Because the lottery administration system alone can determine whether a ticket is eligible to win a prize, the Board found that it logically follows that Szrek's lottery administration system possesses the information necessary to establish payment and activation for the ticket. Id. at 44. Applying its findings, the Board held that claims 1-6 of the '894 patent would have been obvious over Szrek. Id. at 45-46.
Blackhawk appealed the Board's decision to this court. We have jurisdiction under 28 U.S.C. §§ 1295(a)(4)(A).
DISCUSSION
We review the Board's legal determinations de novo, In re Elsner, 381 F.3d 1125, 1127 (Fed. Cir. 2004), and the Board's factual findings underlying those determinations for substantial evidence, In re Gartside, 203 F.3d 1305, 1316 (Fed. Cir. 2000). Obviousness is a question of law that "lends itself to several basic factual inquiries," including the scope and content of the prior art, the level of ordinary skill in the art, and differences between the prior art and the claimed invention. Graham v. John Deere Co., 383 U.S. 1, 17-18 (1966).

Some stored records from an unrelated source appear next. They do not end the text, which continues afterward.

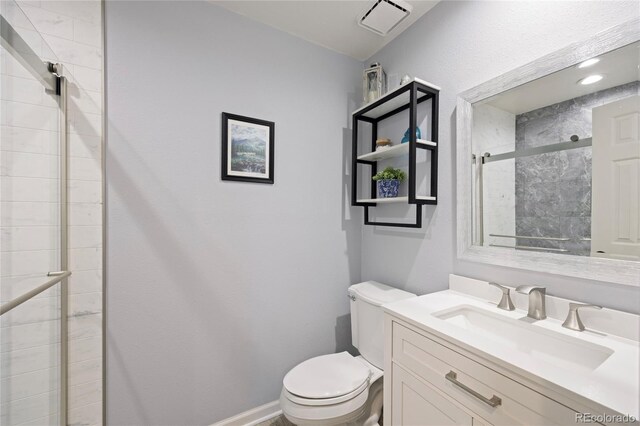 10 Sand Cherry, Littleton, CO 80127 - full bathroom featuring toilet, a stall shower, and vanity
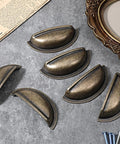 Brass Bronze Cup Drawer Pulls Set Twelve Pack Cabinet Cup Pulls arranged on a table with screws, 3 inch spacing.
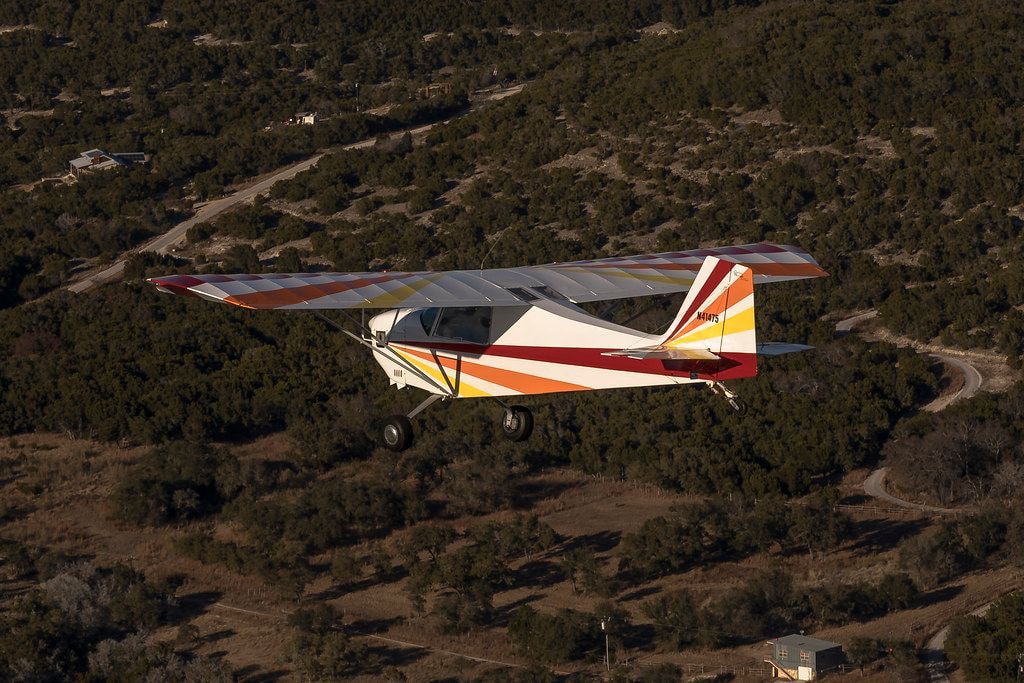 Carlson Sparrow Sport Special flying over wooded hill country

Blackhawk argues that the Board's findings were not supported by substantial evidence. Specifically, it argues that Szrek's requirement that a customer possesses both the lottery ticket and receipt is fundamentally different from the '894 patent's claimed methods that do not require a customer to possess a receipt. InComm responds that the Board properly found that Szrek's disclosure sufficiently established to a skilled artisan that a store's back office would include an instruction to provide a payment confirmation for the pre-printed lottery ticket to the lottery administration system.
We agree with InComm that the Board's findings were supported by substantial evidence and that Szrek would have rendered claims 1-6 of the '894 patent obvious. The Board found that Szrek taught that both payment and activation must occur for a pre-printed lottery ticket to win a prize. It continued to find that because Szrek taught that from scanning a ticket, the lottery administration system could alone determine whether the ticket was eligible to win a prize, it logically followed that the lottery administration system "possessed the information necessary to establish payment and activation for the ticket . . . when it received the activation request." Decision at 44. The Board then concluded that because the lottery administration system could determine a winning ticket and provide authorization of a winning payment, the store's back office in Szrek must have "provided payment confirmation for the ticket to the [lottery administration] system before that determination." Id.
The Board properly construed Szrek's disclosure of the inter-operational characteristics of a store's back office, POS terminal, and lottery administration system. Furthermore, the Board properly analyzed how a skilled artisan would have interpreted Szrek's teachings. The Board's findings are supported by substantial evidence and would have rendered the "payment confirmation" limitation in claims 1-6 of the '894 patent obvious. We therefore affirm the Board's holding that claims 1-6 of the '894 patent would have been obvious to a skilled artisan at the time of the invention in view of Szrek.
CONCLUSION
We have considered Blackhawk's remaining arguments but find them unpersuasive. For the foregoing reasons, the decision of the Board is affirmed.